Octopiler to Ease Use of Cell Processor
Sean0michael writes "Ars Technica is running a piece about The Octopiler from IBM. The Octopiler is supposed to be compiler designed to handle the Cell processor (the one inside Sony's PS3). From the article: 'Cell's greatest strength is that there's a lot of hardware on that chip. And Cell's greatest weakness is that there's a lot of hardware on that chip. So Cell has immense performance potential, but if you want to make it programable by mere mortals then you need a compiler that can ingest code written in a high-level language and produce optimized binaries that fit not just a programming model or a microarchitecture, but an entire multiprocessor system.' The article also has several links to some technical information released by IBM."
Hire "Real Programmers". You know, the ones that only code in Assembler, and if they can't do it in Assembler then it isn't worth doing.

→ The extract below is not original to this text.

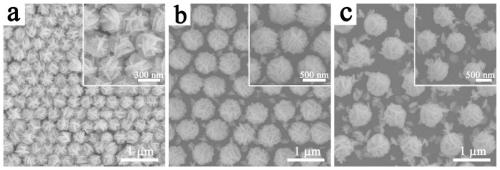 SERS substrate based on Au @ Ag nanoparticle ordered array as well as preparation method and application thereof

The higher the technology, the sharper that two-edged sword.
It makes you wonder what the release-titles of the PS3 will be like, if they didn't have a decent compiler untill now. And 'the PS3 is due out in 2006.'
Sound familiar? "All we need to make it work as advertised is a really slick compiler that doesn't actually exist yet..."
ABSURDITY, n.: A statement or belief manifestly inconsistent with one's own opinion.

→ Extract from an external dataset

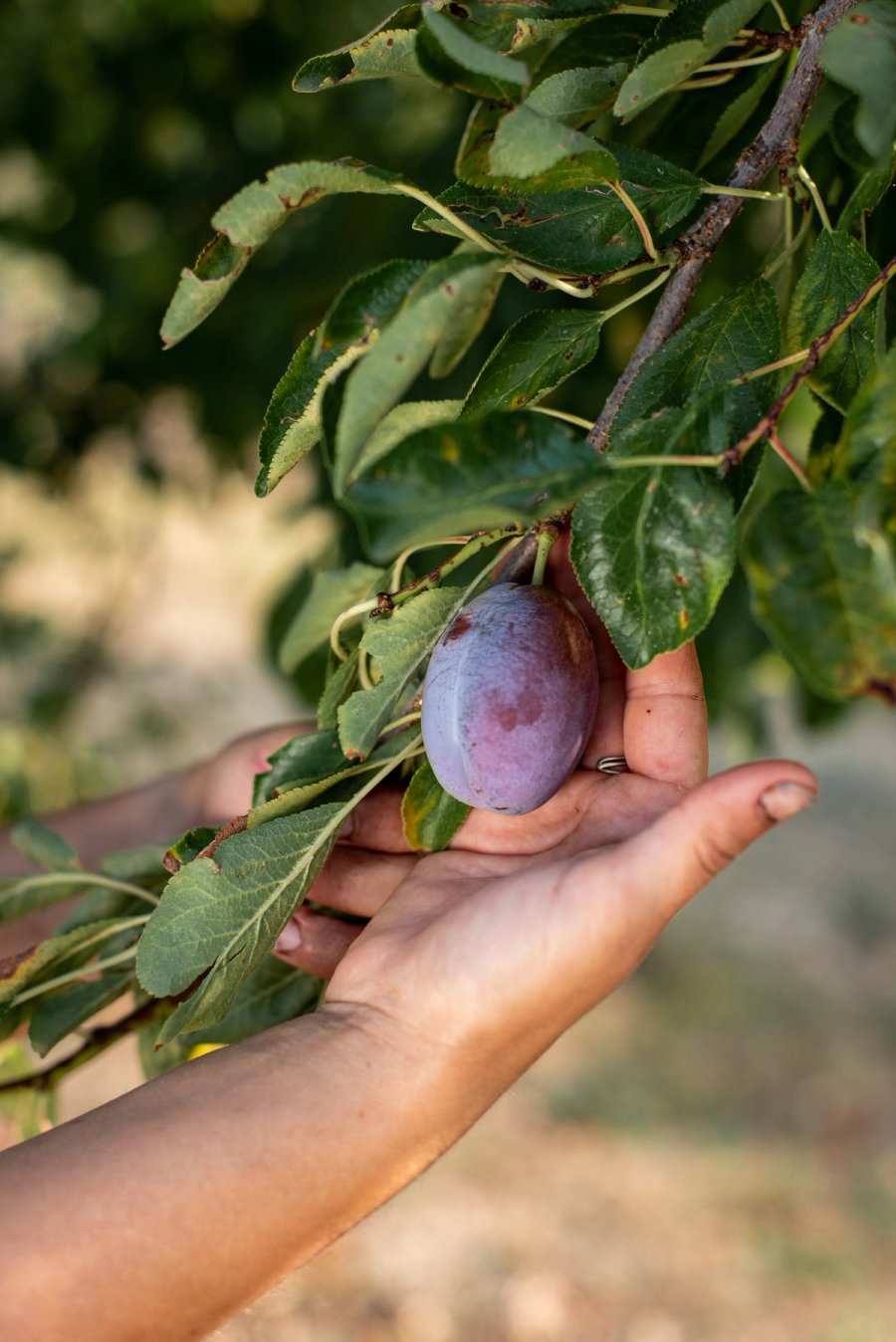 food À manger — Anatole Gonon, photographe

'Cell's greatest strength is that there's a lot of hardware on that chip. And Cell's greatest weakness is that there's a lot of hardware on that chip.

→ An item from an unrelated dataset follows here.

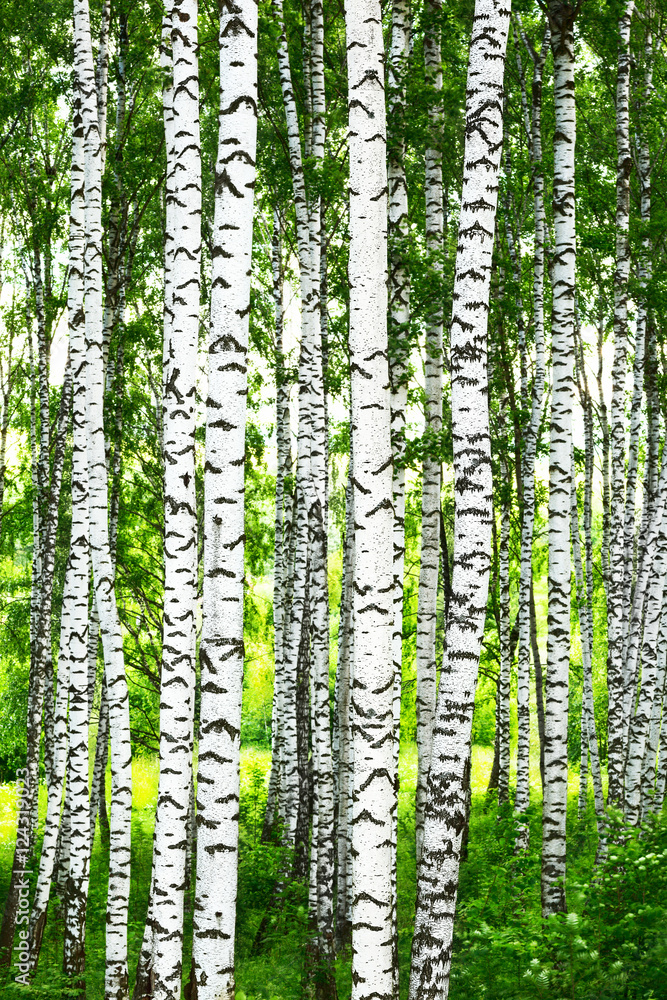 Naklejka premium summer in birch forest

Sadly, there's almost no FPU hardware to speak of: 32-bit single precision floats in hardware; 64-bit double precision floats are [somehow?] implemented in software and bring the chip to its knees.
Why can't someone invent a chip for math geeks? With 128-bit hardware doubles? Are we really that tiny a proportion of the world's population?
All this meant that as the PS2 aged it could 'keep up' because the coders kept getting better and better.
Mere mortals do not write the latest graphics engines. I think there are a lot more tier1 people running around then /. seems to think. They are just to busy to comment here.
All that really matters is wether the launch titles will be 'good' enough. Then the full power of the system can be unleashed over its lifespan.
If your a game company and your faced with the choice of either making just another engine OR spending some money on the kind of people that code for super computers and get an engine that will blow the competition out of the water then it will be a simple choice.
Just because some guy on website finds it hard doesn't mean nobody can do it.
MMO Quests are like orgasms:
You may solo them, I prefer them in a group.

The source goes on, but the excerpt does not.